O prelado do Opus Dei salienta que «uma manifestação do espírito de serviço, que de certa forma as inclui todas, é a de semear paz e alegria. Como só poderemos dar esta paz e esta alegria se as tivermos, e ambas são um dom de Deus, a melhor maneira de crescer nelas é cuidar com delicadeza os nossos momentos de intimidade com Deus: os sacramentos e a oração pessoal»[7]. A alegria não depende exclusivamente de circunstâncias externas favoráveis, mas da nossa relação com o Senhor. «Como qualquer outra pessoa, o homem e a mulher de fé experimentam fadiga e doença, dificuldade e ansiedade, dúvida e contradição. Mas, em todas estas situações, sabem que são filhos muito queridos de Deus, têm consciência de que podem apoiar-se n’Ele e, com a Sua ajuda, recuperar a alegria, caso cheguem a perdê-la»[8].

A vida dos Apóstolos e dos primeiros cristãos não foi isenta de dificuldades. Os três dias após a morte do Senhor encheriam os seus corações de desesperança. Talvez também as perseguições ao anunciar o Evangelho causassem um certo medo e insegurança. Podemos imaginar que nesses momentos mais sombrios a Virgem Maria semearia paz e alegria na alma de cada pessoa. Ela sabia que o seu Filho teria vencido a morte e que estaria com cada um de nós até ao fim do mundo.


[1] Bento XVI, Homilia, 24/04/2005.

[2] Fernando Ocáriz, Carta pastoral, 16/02/2023, n. 9.

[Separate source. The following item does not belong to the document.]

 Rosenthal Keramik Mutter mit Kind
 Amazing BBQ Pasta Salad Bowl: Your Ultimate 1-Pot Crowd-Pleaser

[3] S. Josemaria, Entrevistas a S. Josemaria, n. 109.

[4] Francisco, Laudato Si’, n. 228.

[5] S. Josemaria, notas de uma reunião familiar, citada em Salvador Bernal, Monsenhor Josemaría Escrivá de Balaguer. Apuntes sobre la vida del Fundador del Opus Dei, Rialp, Madrid 1980, 6.ª ed., p. 37.

[6] S. Josemaria, Cristo que passa, n. 30.

[7] Fernando Ocáriz, Carta pastoral, 16/02/2023, n. 11.

[8] D. Javier Echevarría, “Una siembra de paz y de alegría”, La Tercera, 15/10/2008.